Google Cardboard

Bringing the future of virtual reality to the big stage for Google I/O 15.

In 2014, Google announced Cardboard, a ingenious cardboard viewer that had the power to bring Virtual Reality to the masses. Since then the VR team at Google has been pushing Cardboard to bold new frontiers. And they came to us for help to launch the next big step, specifically the Keynote at Google I/O 15.

Expeditions allows teachers to bring their curriculum alive by taking their students on field trips to almost anywhere they can imagine, giving students a deeper understanding of the world beyond the classroom.

We documented actual classrooms around the world that were a part of the Expeditions pilot program, capturing the magical moment when students and teachers alike used the app for the first time.

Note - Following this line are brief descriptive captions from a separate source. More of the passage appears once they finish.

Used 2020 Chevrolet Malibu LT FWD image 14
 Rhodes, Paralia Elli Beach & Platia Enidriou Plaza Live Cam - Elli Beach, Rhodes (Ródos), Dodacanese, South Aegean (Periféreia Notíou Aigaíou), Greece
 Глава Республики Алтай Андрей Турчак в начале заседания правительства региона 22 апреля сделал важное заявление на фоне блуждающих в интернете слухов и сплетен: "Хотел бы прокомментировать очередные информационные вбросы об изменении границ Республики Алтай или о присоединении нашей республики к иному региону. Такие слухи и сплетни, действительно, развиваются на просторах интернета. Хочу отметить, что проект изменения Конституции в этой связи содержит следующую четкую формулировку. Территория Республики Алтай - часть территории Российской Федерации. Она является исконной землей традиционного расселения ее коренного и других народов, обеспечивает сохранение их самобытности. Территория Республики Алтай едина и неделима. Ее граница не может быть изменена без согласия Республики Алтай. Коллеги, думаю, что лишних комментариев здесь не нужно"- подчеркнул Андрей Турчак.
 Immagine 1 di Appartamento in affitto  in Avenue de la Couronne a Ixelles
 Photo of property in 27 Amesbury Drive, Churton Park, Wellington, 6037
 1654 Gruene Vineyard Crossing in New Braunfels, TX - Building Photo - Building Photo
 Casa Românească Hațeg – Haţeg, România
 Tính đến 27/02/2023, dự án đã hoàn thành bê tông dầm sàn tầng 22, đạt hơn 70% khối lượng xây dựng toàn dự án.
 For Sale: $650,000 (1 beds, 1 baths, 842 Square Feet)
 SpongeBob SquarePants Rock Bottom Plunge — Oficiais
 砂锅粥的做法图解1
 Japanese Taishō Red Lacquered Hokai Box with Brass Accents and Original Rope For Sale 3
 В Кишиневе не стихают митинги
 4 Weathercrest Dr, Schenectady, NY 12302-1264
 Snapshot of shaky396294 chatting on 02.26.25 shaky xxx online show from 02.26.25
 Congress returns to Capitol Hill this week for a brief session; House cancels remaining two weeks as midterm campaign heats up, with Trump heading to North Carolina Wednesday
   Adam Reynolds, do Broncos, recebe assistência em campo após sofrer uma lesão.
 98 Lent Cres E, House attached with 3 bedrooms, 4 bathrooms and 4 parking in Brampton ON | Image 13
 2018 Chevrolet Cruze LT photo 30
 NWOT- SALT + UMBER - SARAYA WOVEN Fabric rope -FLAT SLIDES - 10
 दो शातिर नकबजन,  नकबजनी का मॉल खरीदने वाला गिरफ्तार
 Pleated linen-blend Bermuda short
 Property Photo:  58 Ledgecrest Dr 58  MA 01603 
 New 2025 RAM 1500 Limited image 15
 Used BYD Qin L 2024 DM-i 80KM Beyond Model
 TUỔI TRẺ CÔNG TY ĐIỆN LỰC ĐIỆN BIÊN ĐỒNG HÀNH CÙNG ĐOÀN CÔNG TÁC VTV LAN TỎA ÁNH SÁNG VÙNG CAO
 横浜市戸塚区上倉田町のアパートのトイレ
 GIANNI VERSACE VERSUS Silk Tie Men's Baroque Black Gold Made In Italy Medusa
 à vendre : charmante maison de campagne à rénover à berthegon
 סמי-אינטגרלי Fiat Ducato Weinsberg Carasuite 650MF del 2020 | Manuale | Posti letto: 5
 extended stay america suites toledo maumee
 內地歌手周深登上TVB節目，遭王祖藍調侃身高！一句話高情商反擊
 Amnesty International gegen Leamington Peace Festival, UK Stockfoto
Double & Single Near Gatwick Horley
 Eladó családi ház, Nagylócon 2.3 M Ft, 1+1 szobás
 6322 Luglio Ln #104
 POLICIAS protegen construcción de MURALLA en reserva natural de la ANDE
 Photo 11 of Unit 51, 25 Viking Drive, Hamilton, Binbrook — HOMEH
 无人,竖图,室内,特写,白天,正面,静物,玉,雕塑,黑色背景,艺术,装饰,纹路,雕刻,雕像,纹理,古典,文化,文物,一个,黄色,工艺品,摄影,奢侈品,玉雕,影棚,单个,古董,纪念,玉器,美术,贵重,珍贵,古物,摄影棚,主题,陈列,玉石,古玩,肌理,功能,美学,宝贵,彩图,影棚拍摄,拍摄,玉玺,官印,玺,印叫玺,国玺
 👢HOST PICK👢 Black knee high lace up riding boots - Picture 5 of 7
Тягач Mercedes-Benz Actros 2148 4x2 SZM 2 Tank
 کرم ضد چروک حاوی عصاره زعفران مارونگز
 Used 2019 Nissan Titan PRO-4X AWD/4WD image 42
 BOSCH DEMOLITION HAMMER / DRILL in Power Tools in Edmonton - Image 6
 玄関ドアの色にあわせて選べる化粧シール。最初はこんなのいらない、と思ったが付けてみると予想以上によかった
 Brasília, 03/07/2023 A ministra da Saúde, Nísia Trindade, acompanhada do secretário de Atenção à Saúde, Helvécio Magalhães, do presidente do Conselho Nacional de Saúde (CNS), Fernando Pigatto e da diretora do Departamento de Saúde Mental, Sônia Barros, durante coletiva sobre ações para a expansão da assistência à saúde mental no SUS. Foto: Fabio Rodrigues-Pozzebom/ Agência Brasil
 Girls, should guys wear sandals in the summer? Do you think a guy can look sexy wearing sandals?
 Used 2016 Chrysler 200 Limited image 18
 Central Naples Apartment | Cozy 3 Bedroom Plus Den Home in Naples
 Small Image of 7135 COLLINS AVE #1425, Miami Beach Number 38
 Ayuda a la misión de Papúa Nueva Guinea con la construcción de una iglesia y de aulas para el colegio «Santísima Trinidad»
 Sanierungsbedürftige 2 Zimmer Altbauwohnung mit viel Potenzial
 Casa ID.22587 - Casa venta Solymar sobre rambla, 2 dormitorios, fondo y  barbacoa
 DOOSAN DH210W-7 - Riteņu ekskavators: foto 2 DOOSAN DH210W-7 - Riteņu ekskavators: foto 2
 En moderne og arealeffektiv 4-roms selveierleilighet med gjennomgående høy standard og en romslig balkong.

Another big reveal was the JUMP pipeline, which gives creators the tools they need to capture their world and then bring it to millions of VR users.
We worked together with Google to create a film shot completely on the JUMP camera – the first time anyone outside of the camera team at Google got access to any of the material.

It all came together to a 10 minute presentation, the finale of the Keynote at Google I/O15.

The display system was the largest yet. A 600 feet seamless display that wrapped around the audience of 4000 developers and reporters at the Moscone Center West in San Francisco. Google Cardboard is all about immersion and we wanted to use this screen as a medium to immerse the audience into our story. By utilizing the whole canvas at key moments we were able to transport our audience and give them a taste of what using Google Cardboard is like.

Understanding how to best tell a story on a display system of this scale is a challenge. It was a unique build for the keynote, so there were no references to learn from. To better understand the display and the presentation space we built a custom WebGL viewer that allowed us to prototype our keynote animations in a realtime 3d environment, right in the browser. It allowed us to iterate quickly on our ideas and gave our clients a chance to see it all come together long before the display system was physically assembled.
Together with the keynote announcements, we also updated the Google Cardboard site that went live at the moment of the Keynote presentation.

Google Cardboard quickly became the highlight of the keynote for I/O 15 for many people and we can't wait to see what experience people will build for it.